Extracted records
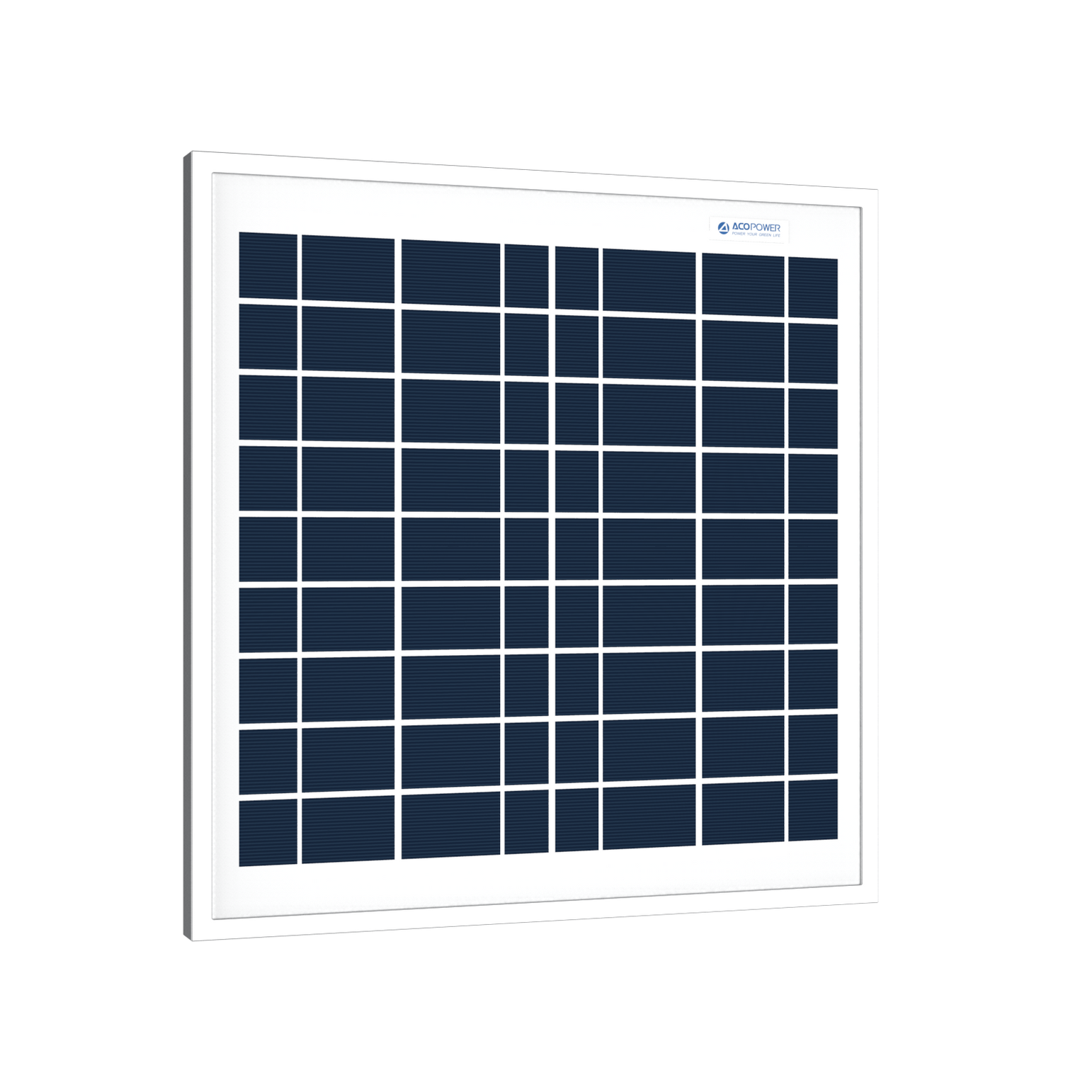 15 Watt 12 Volt Polycrystalline Solar Panel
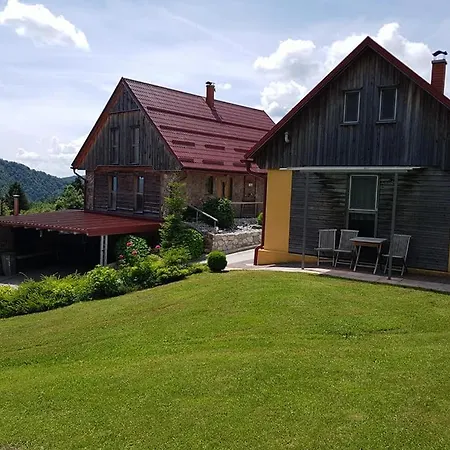 Apartment Za Grapo *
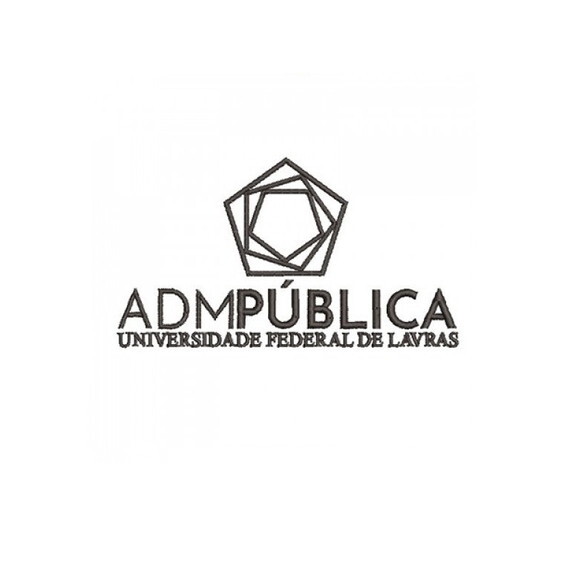 Matriz Bordado ADM Pública - Univ Federal de Lavras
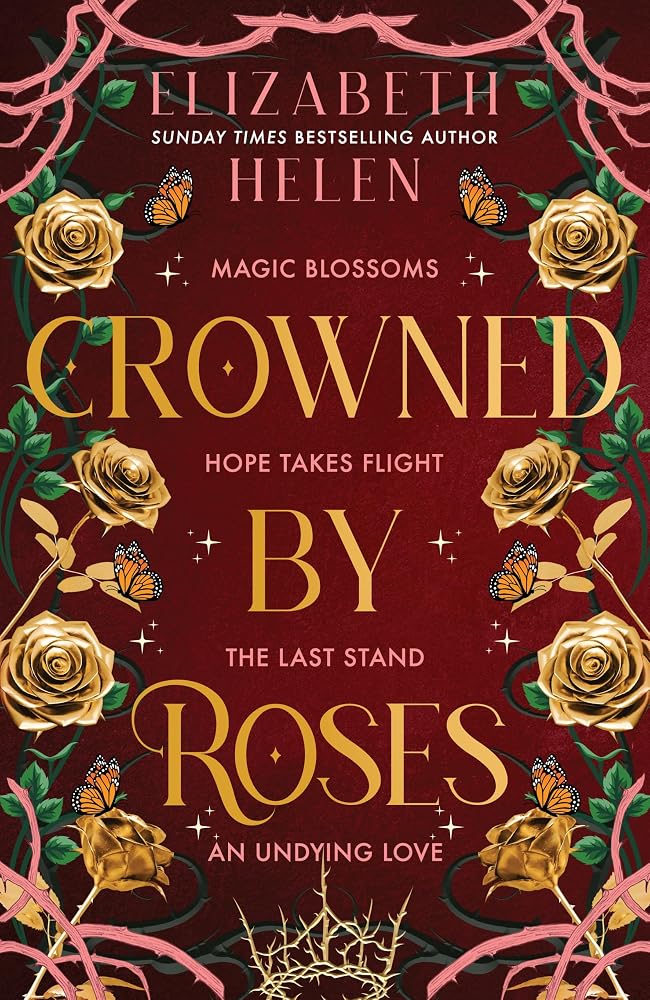 Crowned By Roses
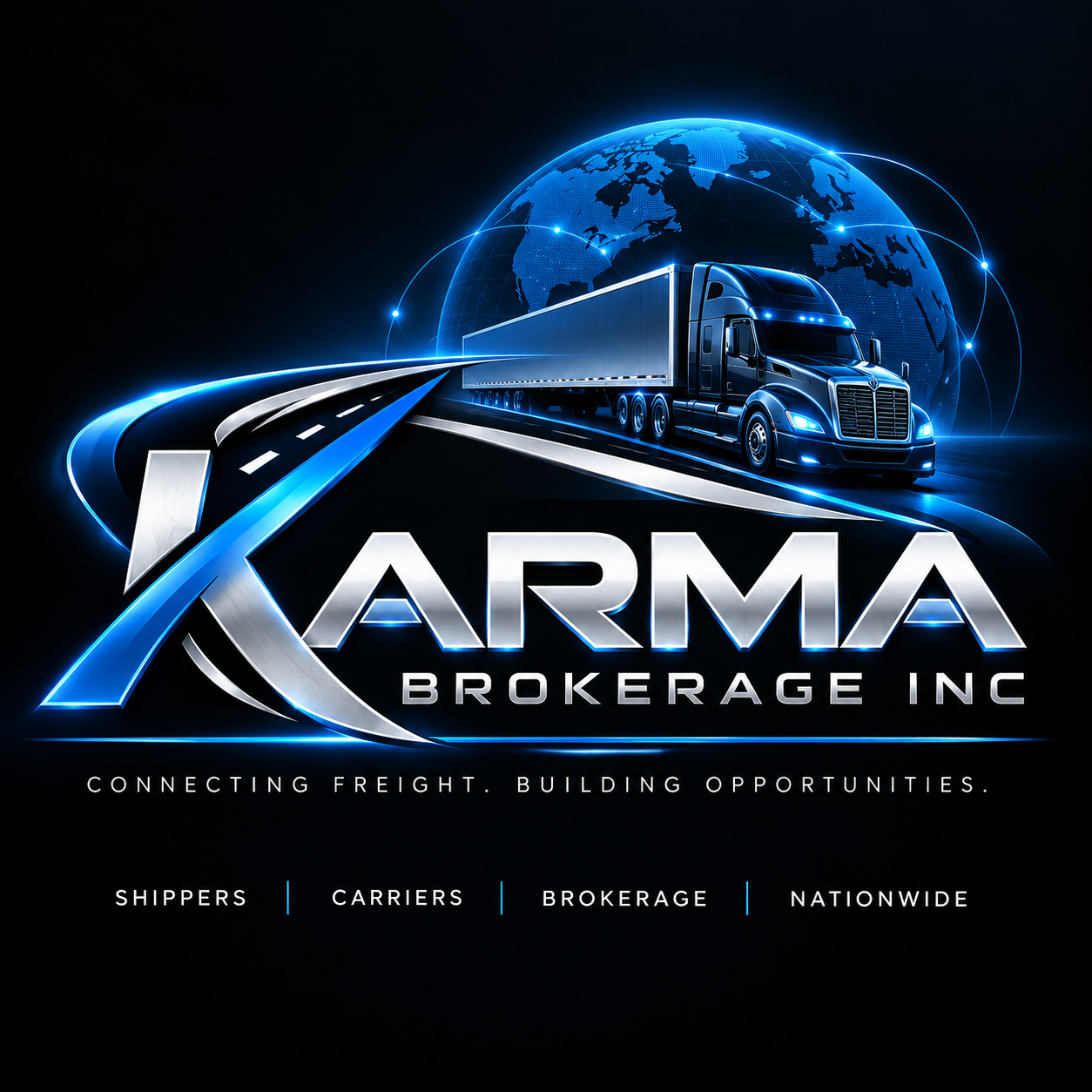 KARMA BROKERAGE INC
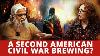 Will America Face A Second Civil War End Times Watchman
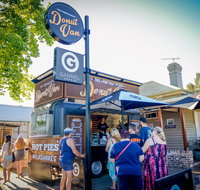 Berry Donut Van - Restaurant Guide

• **What is expected**
Extract, verbatim and alone, the lines from the line that contains "Will America Face" to the last line of the records, inclusive; drop any picture.

• **Response area**
 Will America Face A Second Civil War End Times Watchman
 Berry Donut Van - Restaurant Guide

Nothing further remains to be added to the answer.